The schedule of public holidays in the United States is largely influenced by the schedule of federal holidays but is controlled by private sector employers who provide 62% of the total U.S. population with paid time off.

Public holidays with paid time off is generally defined to occur on a day that is within the employee's work week. When a holiday occurs on Saturday or Sunday, that holiday is shifted to either Friday or Monday for work purposes. Most employers follow a holiday schedule similar to the federal holidays of the United States observed by government employers and government-regulated employers, with exceptions or additions.

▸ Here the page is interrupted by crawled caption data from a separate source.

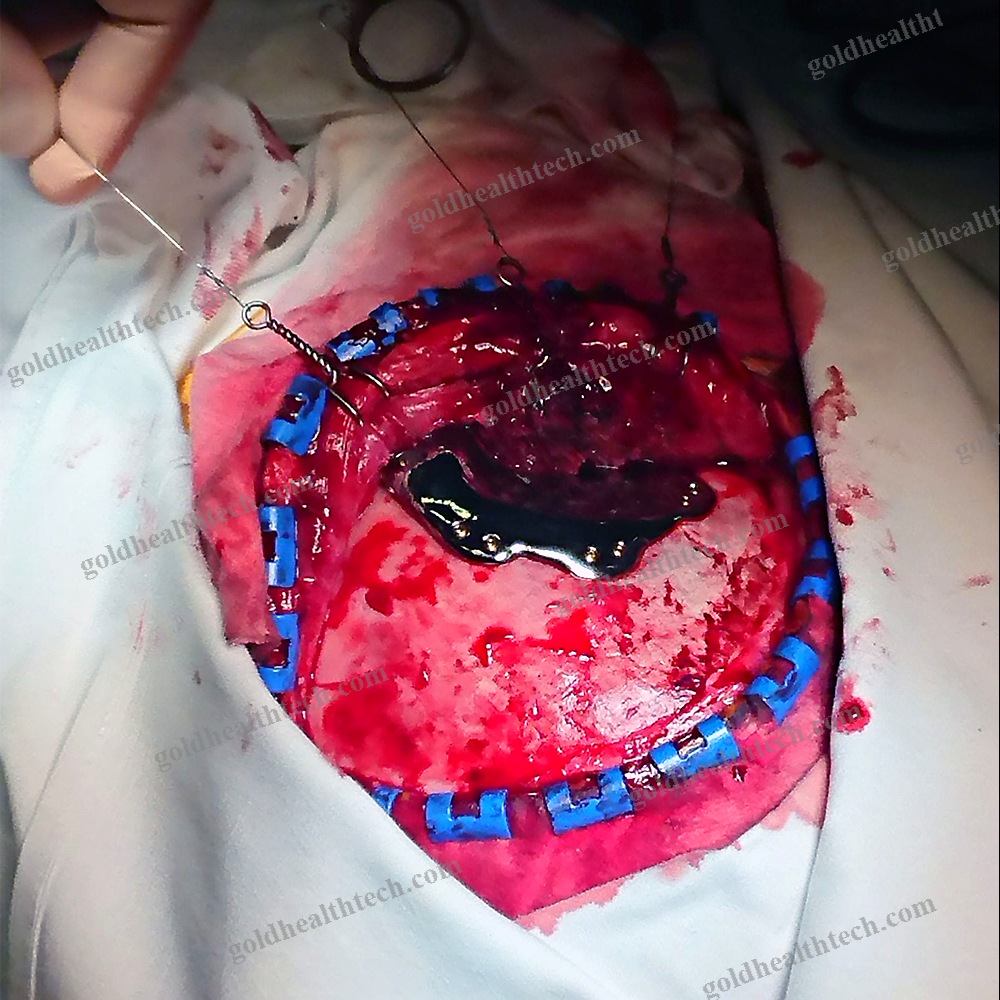Custom-Made Cranial Implant
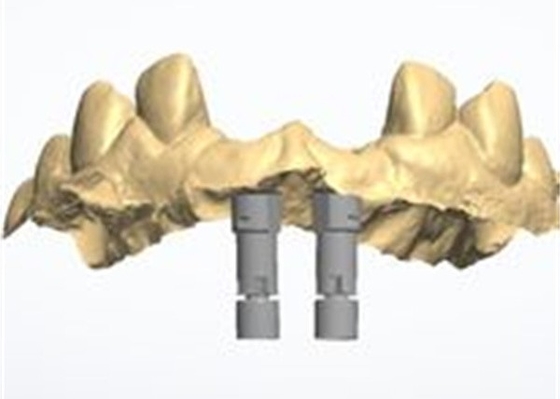 Ακριβής σχεδιασμός CAD/CAM Ζιρκόνιας οδοντικής στέμνας για τοποθέτηση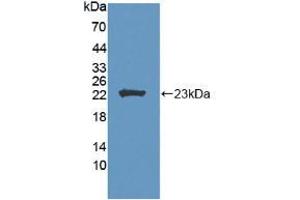 Western blot analysis of recombinant Human LCAT. (LCAT anticorps  (AA 41-210))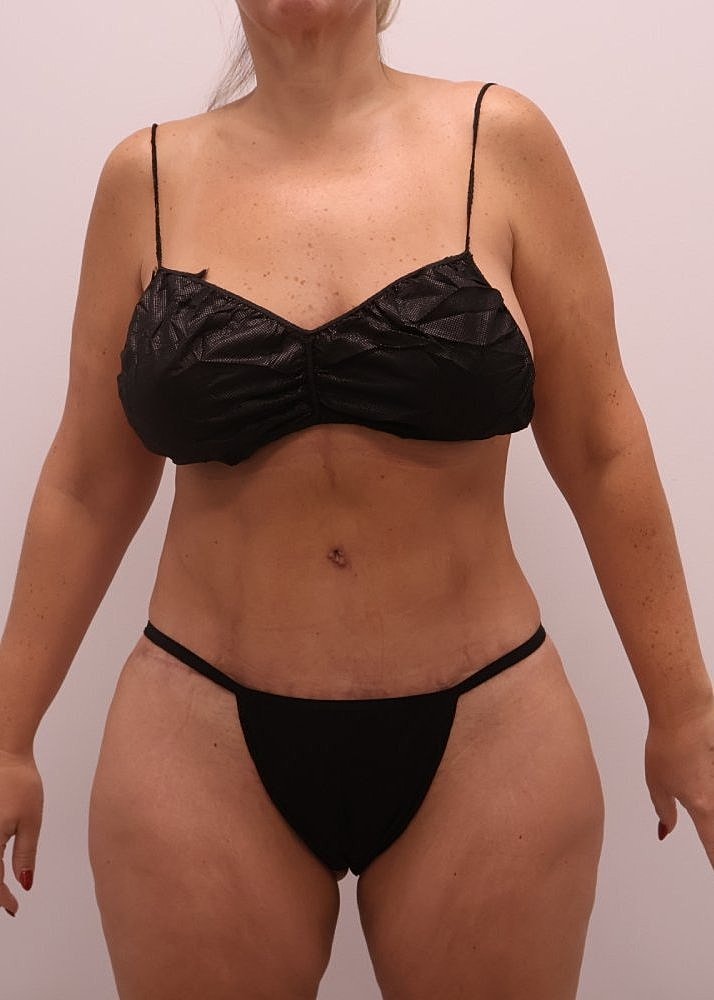 MEDICAL WEIGHT LOSS PROGRAM Before & After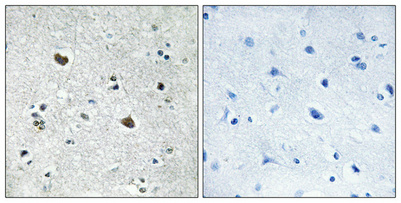 a04286 2 hspa1l primary antibodies ihc testing 1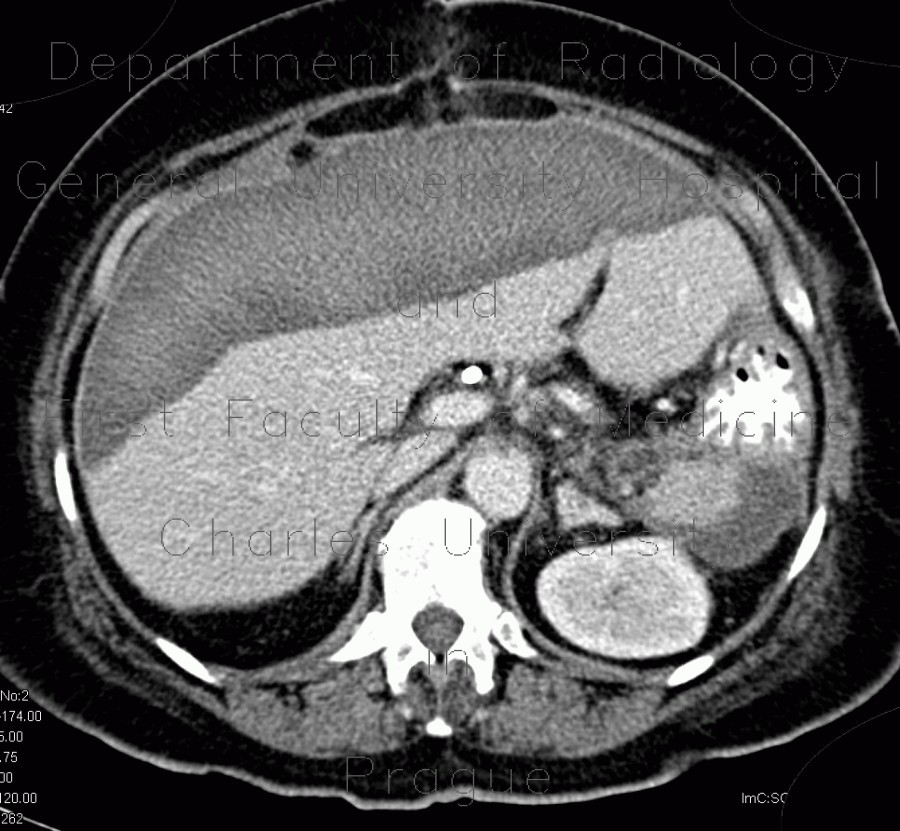 Subcapsular hematoma of liver, liver hematoma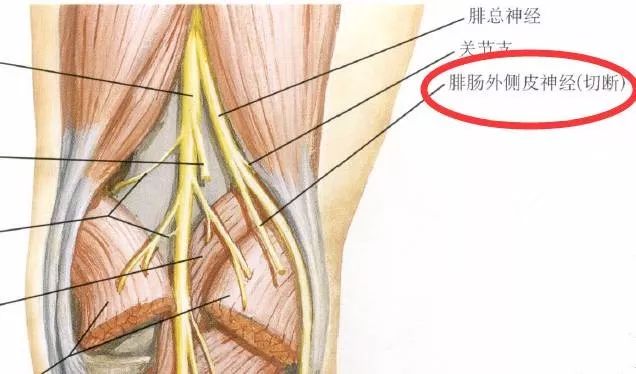 下肢神经的组成及走形汇总，赶紧收藏备用！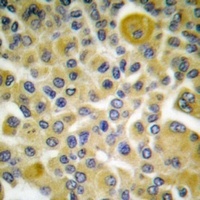 Cytokeratin 8 (Phospho-S73) Rabbit Polyclonal Antibody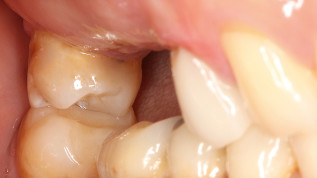Individuelle CAD/CAM-Abutments auf Keramikimplantaten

At the discretion of the employer, other non-federal holidays such as New Year's Eve, Christmas Eve and the Day after Thanksgiving are common additions to the list of paid holidays while Columbus Day and Veterans Day are common omissions. Besides paid holidays, there are festival and food holidays that also have wide acceptance based on sales of goods and services that are typically associated with that holiday. Halloween and Valentine's Day are examples of widely celebrated uncompensated holidays.

History 
Public holidays had their origins from established federal holidays that were enacted by Congress. They were typically observed on days that have significance for various sectors of American society and are observed at all levels of society, including government and the private sector. These holidays are typically derived from the history, religions, and cultures of the United States and have changed over time. Major holidays are most commonly observed with paid time off, however, many other holiday celebrations come without time off. 
There are no national holidays on which the law requires all businesses to close. Federal holidays are only established for certain federally chartered and regulated businesses, government contractors, and the city of Washington, DC. All other public holidays are created by the States; most states also allow local jurisdictions (cities, villages, etc.) to establish their own local holidays. As a result, holidays have not historically been governed at the federal level and federal law does not govern business openings.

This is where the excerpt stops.